→ **DATA SECTION**
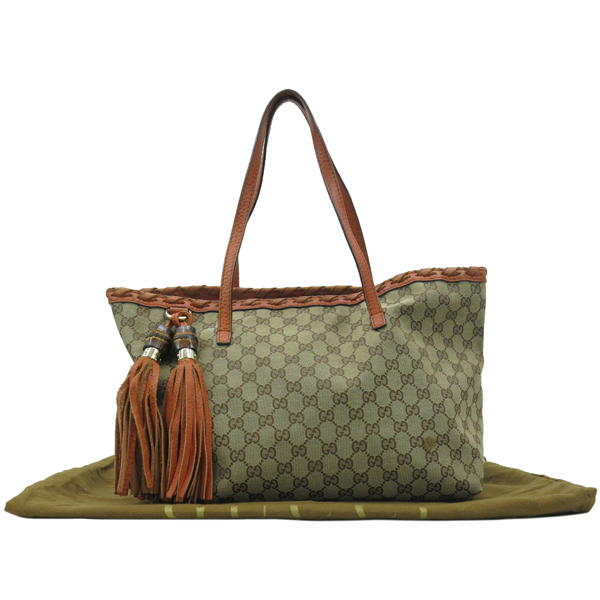 ����  �����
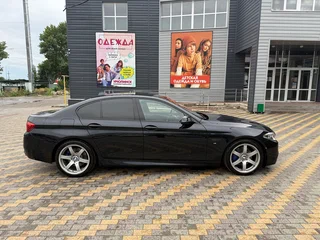 2016 BMW 5 серии 550i xDrive VI (F10/F11/F07) Рестайлинг, синий, 2900000 рублей, вид 4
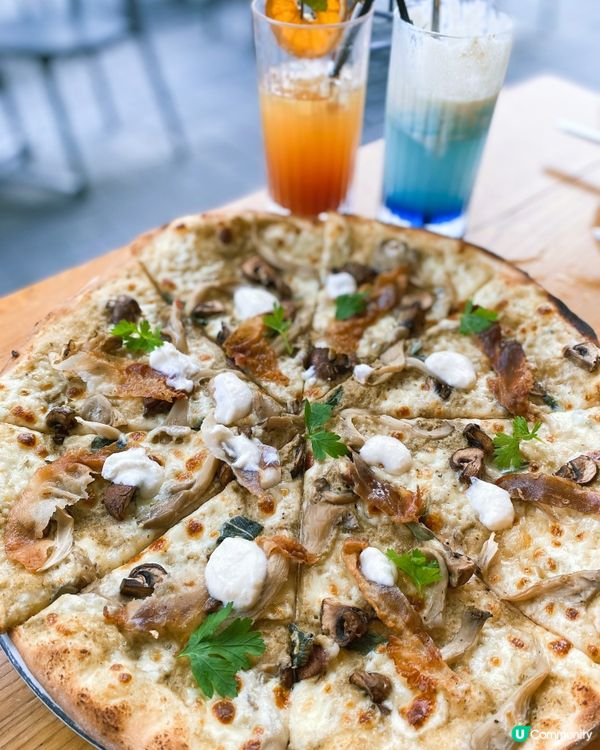 海邊🏖️～ 凍飲+Pizza🍕 好正🥰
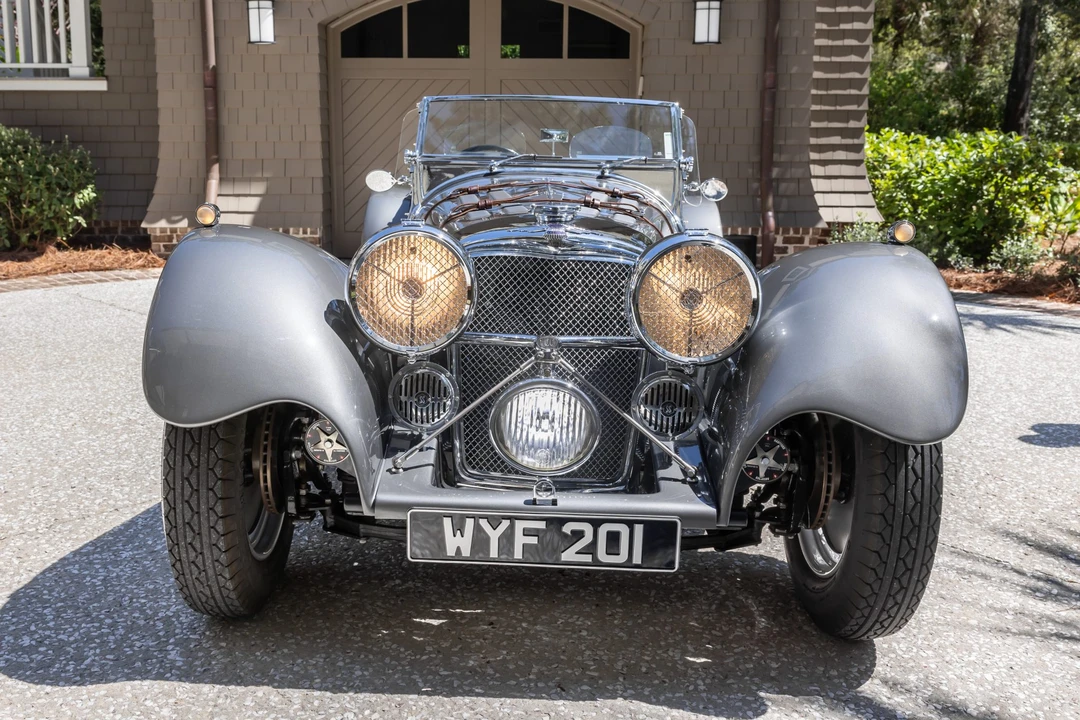 Jaguar Replica - Image 5 of 31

→ **PROBLEM STATEMENT**
Copy out the data above to the letter, and keep every picture out of it.

→ **OUTPUT FOR THIS TASK**
 ����  �����
 2016 BMW 5 серии 550i xDrive VI (F10/F11/F07) Рестайлинг, синий, 2900000 рублей, вид 4
 海邊🏖️～ 凍飲+Pizza🍕 好正🥰
 Jaguar Replica - Image 5 of 31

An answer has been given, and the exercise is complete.